Unnamed: 0,spans,text
0,"[15, 16, 17, 18, 19, 27, 28, 29, 30, 31]",Because he's a moron and a bigot. It's not any...
1,"[29, 30, 31, 32, 33, 34]",How about we stop protecting idiots and let na...
2,"[166, 167, 168, 169, 170, 171]","If people were smart, they would Boycott th..."
3,"[87, 88, 89, 90, 91, 92]",Trump Claimed that Russia will never invade th...
4,[],As long as your willing to pay a lot more for ...


In [10]:
trial.shape

(690, 2)

In [11]:
trial.isnull().sum()

spans    0
text     0
dtype: int64

In [12]:
trial.duplicated().sum()

0

In [13]:
combo = pd.concat([train,trial])

In [14]:
combo.head()

Unnamed: 0,spans,text
0,"[8, 9, 10, 11, 12, 13, 14, 15, 16, 17, 18, 19,...",Another violent and aggressive immigrant killi...
1,"[33, 34, 35, 36, 37, 38, 39]","I am 56 years old, I am not your fucking junio..."
2,"[0, 1, 2, 3]","Damn, a whole family. Sad indeed."
3,"[7, 8, 9, 10, 11, 12, 13, 14, 15, 16, 17]",What a knucklehead. How can anyone not know th...
4,"[32, 33, 34, 35, 36, 37, 38]","""who do you think should do the killing?""\n\nA..."


In [15]:
combo.isnull().sum()

spans    0
text     0
dtype: int64

In [16]:
combo.duplicated().sum()

5

In [17]:
combo[combo.duplicated()]

Unnamed: 0,spans,text
100,"[6, 7, 8, 9, 10]",Trump troll!
224,"[0, 1, 2, 3, 4]",Idiot!
276,"[0, 1, 2, 3, 4]",Idiot
363,"[14, 15, 16, 17, 18, 19]",You can't fix stupid
588,"[11, 12, 13, 14, 15]",You are an idiot.


In [18]:
# merged_df = train.merge(trial, how='inner',indicator=False)
# new_train = train[~train.text.isin(merged_df['text'].values)]
# new_train.to_csv('../data/modified_train.csv',index=False)

In [19]:
def get_continuous_spans(spans):
    continuous_spans = []
    current_span = []
    for i in range(len(spans)):
        if current_span == []:
            current_span.append(spans[i])
            continue
        if spans[i]==current_span[-1]+1:
            current_span.append(spans[i])
        else:
            continuous_spans.append(current_span)
            current_span = [spans[i]]
    if(current_span!=[]):
        continuous_spans.append(current_span)
    return continuous_spans

Check if any spaces are marked in the toxic spans

In [20]:
def get_space_count(df):
    df['space_count'] = df.apply(lambda x: np.sum([1 if x['text'][i]==' ' else 0 for i in eval(x['spans'])]),axis=1)
    return df['space_count'].sum(), df['space_count'].mean(),  df['space_count'].std()

In [21]:
print(['%.2f'% i for i in get_space_count(train)])

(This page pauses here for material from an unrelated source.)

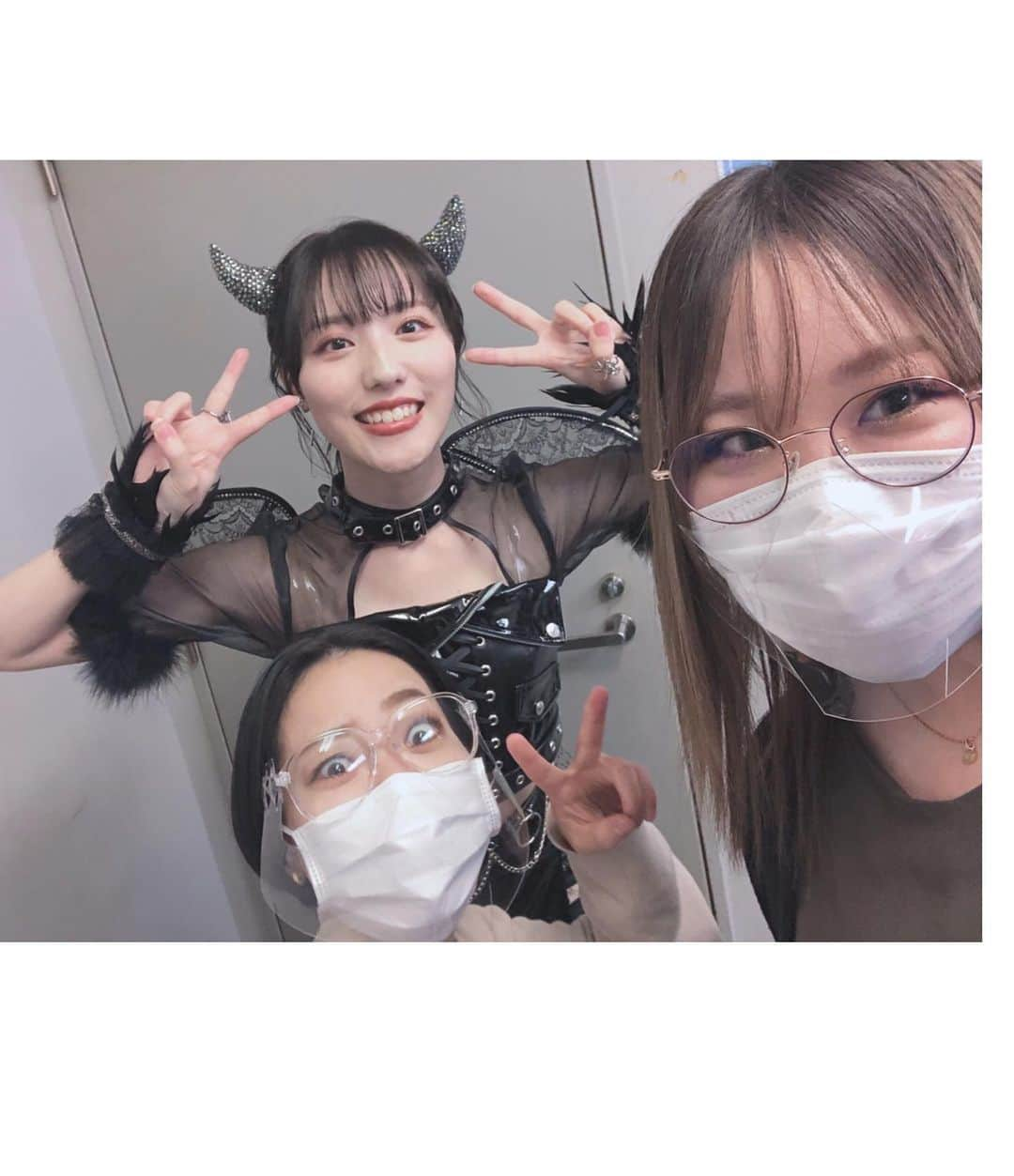 井尻晏菜さんのインスタグラム写真 - (井尻晏菜Instagram)「﻿ 半笑いなの許して🤣﻿ ﻿ ﻿ ﻿ 卒業公演にメイクを担当してくださったカナさんとちむさん(@chim.makeup )！﻿ ﻿ メイクをお願いするの緊張して、﻿ ギリギリまで伝えられなかったんです。笑﻿ ﻿ ﻿ 素敵な髪型でしょ🌸﻿ 本当に大好き。﻿ ﻿ ﻿ 髪型やメイクはかなさんがしてくれたよ！﻿ 最後のドレスのキラキラはちむさん！﻿ ﻿ お二人ともセンス良すぎて…﻿ もはやセンスが服着て歩いてる感じです☺️💜﻿ ﻿ ﻿ ﻿ カナさん、ちむさんありがとう😊✨﻿ ﻿ ﻿ ﻿ ﻿ そしてドレスを仕上げて下さった衣装さん！﻿ 好きな服の系統が私と似ててなんでも相談に乗れる大好きな人です💋﻿ 今回もアクセサリーのアドバイスや、﻿ 靴のアドバイスをしてもらって最高に素敵な衣装を纏えました！﻿ ﻿ 写真は撮れなかったのでご想像にお任せ。笑﻿ ﻿ ﻿ ８年半私を可愛くしてくださって﻿ 本当にありがとうございました。  #井尻晏菜卒業公演」12月27日 23時02分 - ijirianna0120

['13278.00', '1.67', '7.72']


In [22]:
print(['%.2f'% i for i in get_space_count(trial)])

['830.00', '1.20', '4.48']


In [23]:
print(['%.2f'% i for i in get_space_count(test)])

['575.00', '0.29', '3.19']


Check if any words are cut across spans

In [24]:
def check_if_word_cut(text,contiguous_spans):
    words_cuts = []
    for i in contiguous_spans:
        words_cut = 0
        if i[0]==0 and i[-1]==len(text)-1:
            words_cut = 0
        elif i[0]==0:
            if text[i[-1]]!=' ' and text[i[-1]+1].isalnum():
                words_cut+=1
        elif i[-1]==len(text)-1:
            if text[i[0]]!=' ' and text[i[0]-1].isalnum():
                words_cut +=1
        else:
            if text[i[0]]!=' ' and text[i[0]-1].isalnum():
                words_cut +=1
            if text[i[-1]]!=' ' and text[i[-1]+1].isalnum():
                words_cut +=1
        words_cuts.append(words_cut)
    return words_cuts     

In [25]:
def words_cut_count(df):
    df['contiguous_spans'] = df.apply(lambda x : get_continuous_spans(eval(x['spans'])),axis=1)
    df['words_cut'] = df.apply(lambda x: np.sum(check_if_word_cut(x['text'],x['contiguous_spans'])),axis=1)
    return df['words_cut'].sum(),df['words_cut'].mean(),df['words_cut'].std()

In [26]:
print(['%.2f'% i for i in words_cut_count(train)])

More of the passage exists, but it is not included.